Gil mengatakan bahwa meskipun pengadilan Filipina sedang bekerja “untuk saat ini”, tetap berada di ICC adalah tindakan pencegahan dan akuntabilitas yang efektif.

Jaksa ICC Fatou Bensouda saat ini sedang melakukan penyelidikan awal terhadap pembunuhan akibat perang narkoba berdasarkan tuntutan pembunuhan massal yang diajukan terhadap Presiden Rodrigo Duterte, untuk menentukan apakah dia memiliki yurisdiksi.

Penuntutan vs Pengadilan

Agar ICC mempunyai yurisdiksi atas isu pembunuhan dalam kampanye pemerintah Filipina melawan obat-obatan terlarang, harus dibuktikan bahwa sistem peradilan Filipina tidak mampu atau tidak mau menyelidiki kasus tersebut.

Persoalannya bukan hanya apakah pengadilan berfungsi dengan baik, namun juga apakah ada investigasi yang efisien di tingkat kejaksaan.

Romel Bagares, penasihat para pembuat petisi di MA, mencatat kesulitan pemerintah membuktikan bahwa mereka menyelidiki setiap kematian dalam kampanye anti-narkoba.

Bagares mengatakan, sesuai pedoman Kepolisian Nasional Filipina (PNP), jika terjadi kematian akibat suatu operasi, maka anggapan penyimpangan tidak akan diterapkan.
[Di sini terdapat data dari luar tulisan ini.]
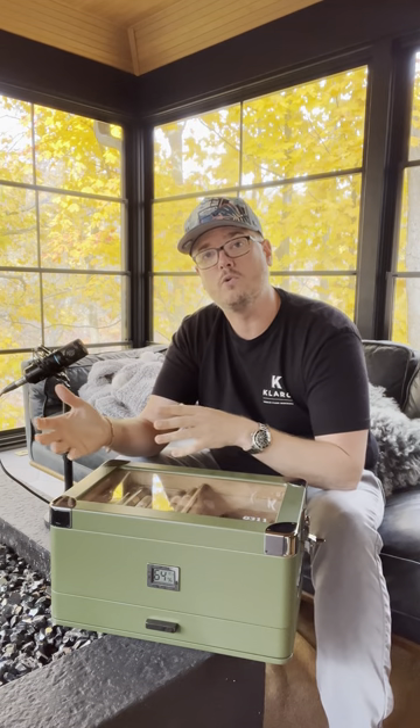If you want to try dry boxing, start by taking the cigar out of your humidor and leaving it out — you can put it in another box, set it on a tray, whatever works. Leave it outside of your humidor for just a couple of hours before you smoke it and see what you think. Then you can go a little bit longer — maybe 12 or 24 hours.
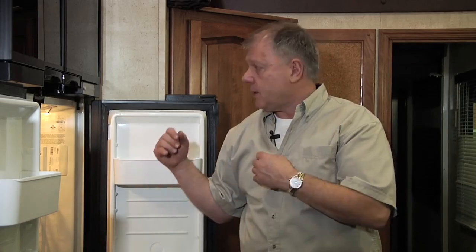Make sure it's not frozen in ice. If it is, it's going to give you a false reading and you're going to need to defrost it.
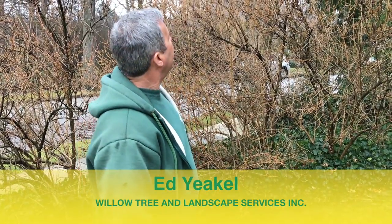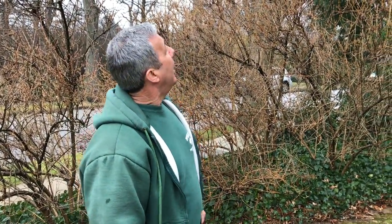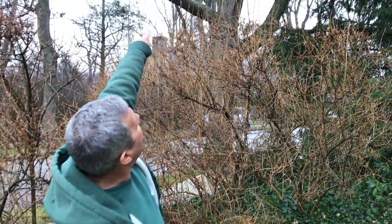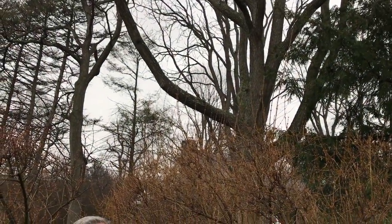Here we're looking at a tree that has a crotch with a small split in it. This is a Kentucky coffee tree, which is a native tree but not that common. What happened here is there was a cable up in here that had been put in a number of years ago, and it had come out or broken.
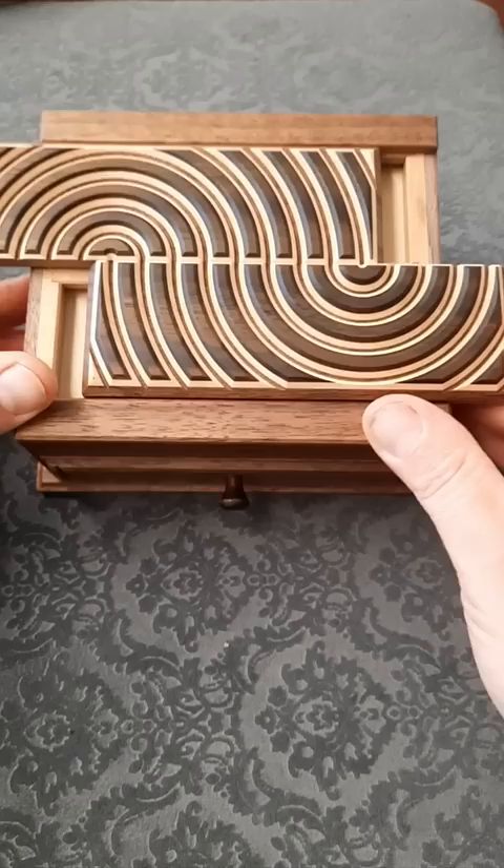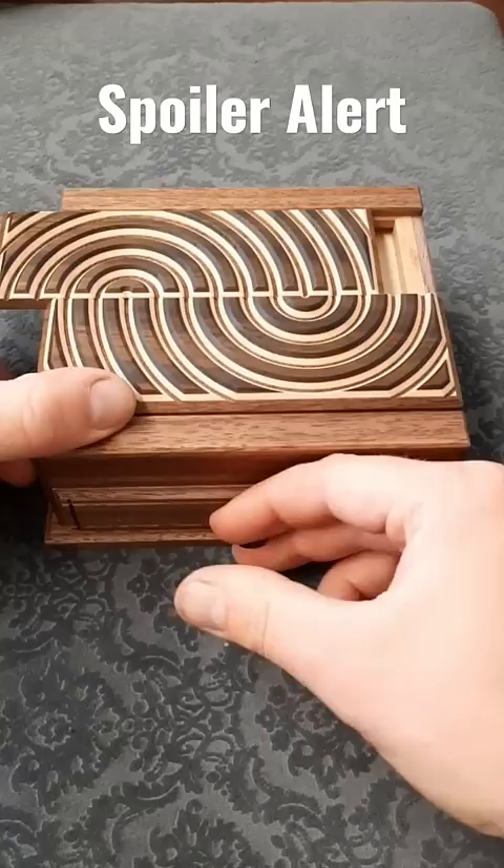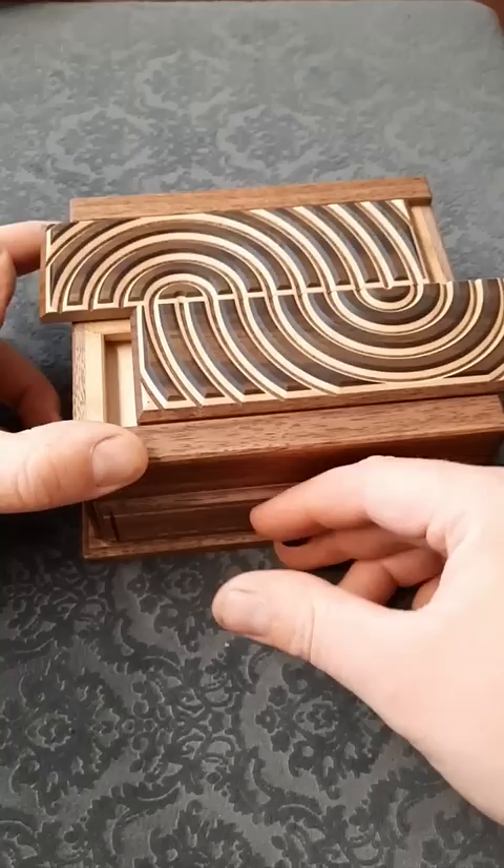Sometimes you can only move the panels when the other one is in the right place. So if we move this panel back, the top panel is now stuck. But it doesn't seem to matter how you line these up — the drawer still doesn't want to open. So how do we do it?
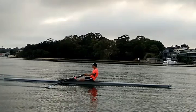Hi Andrew, here's the video from yesterday. It's looking pretty good, just a couple of observations.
Sebaliknya, Bagares mengatakan kematian tersebut secara otomatis akan memicu penyelidikan, dimulai dengan polisi membawanya untuk diselidiki oleh jaksa.

“Anda harus membuat dokumen selain dari blotter, forensik, balistik. Jika PNP mengatakan ada 4.000 pembunuhan atau lebih, berdasarkan manual PNP, mereka harus membuat 4.000 laporan investigasi, dan kemudian laporan koroner. Di mana laporan pemeriksaan ini?” kata Bagares.
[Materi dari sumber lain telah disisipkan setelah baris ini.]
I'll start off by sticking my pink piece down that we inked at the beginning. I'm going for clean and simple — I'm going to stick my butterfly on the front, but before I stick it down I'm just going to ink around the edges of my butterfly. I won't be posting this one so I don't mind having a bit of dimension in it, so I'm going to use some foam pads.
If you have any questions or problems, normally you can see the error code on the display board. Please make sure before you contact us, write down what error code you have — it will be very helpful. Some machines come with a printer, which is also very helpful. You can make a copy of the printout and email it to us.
MA memerintahkan PNP untuk menyerahkan dokumen-dokumen tersebut kepada Mahkamah Agung dalam kasus yang sepenuhnya terpisah. Pemerintah akhirnya menurutinya setelah banyak perselisihan dengan Jaksa Agung. (DALAM KARTU: Kasus narkoba mengambil alih pengadilan PH, memiliki tingkat disposisi yang rendah)

Tidak bisa atau tidak mau?

Gil mengatakan “tidak ada standar yang tegas dan tegas” untuk menentukan keengganan atau ketidakmampuan sistem peradilan.

“(ICC) mungkin akan melihat data, misalnya 5.021 kematian atau dugaan kasus pembunuhan di luar proses hukum. Dari 5.021 itu berapa yang dibawa ke pengadilan dan berapa banyak dalam kasus tersebut yang pelakunya dinyatakan bersalah,” kata Gil.

Dia merujuk pada studi statistik yang dilakukan oleh konsorsium antar universitas, yang sebagian dipresentasikan pada hari Kamis oleh Profesor Clarissa David dari Universitas Filipina, yang menunjukkan pola 5.021 kematian yang dapat mereka catat.

David mengatakan kematian tersebut hanya berasal dari informasi publik yang diberikan oleh media “jadi anggaplah jumlah tersebut sebagai jumlah minimum” dari jumlah total kematian aktual dan total dalam perang narkoba sejak Duterte menjabat pada Juli 2016.

Data David mencakup periode Mei 2016 hingga September 2017. Dalam periode yang kurang lebih sama, dari Juli 2016 hingga Agustus 2017, Departemen Kehakiman (DOJ) hanya mampu mengajukan 19 kasus kematian akibat perang narkoba ke pengadilan.

“Jumlahnya sangat kecil, bahkan tidak sampai setengahnya, atau bahkan tidak sampai 1/4 dari kasus yang tercatat,” kata Gil.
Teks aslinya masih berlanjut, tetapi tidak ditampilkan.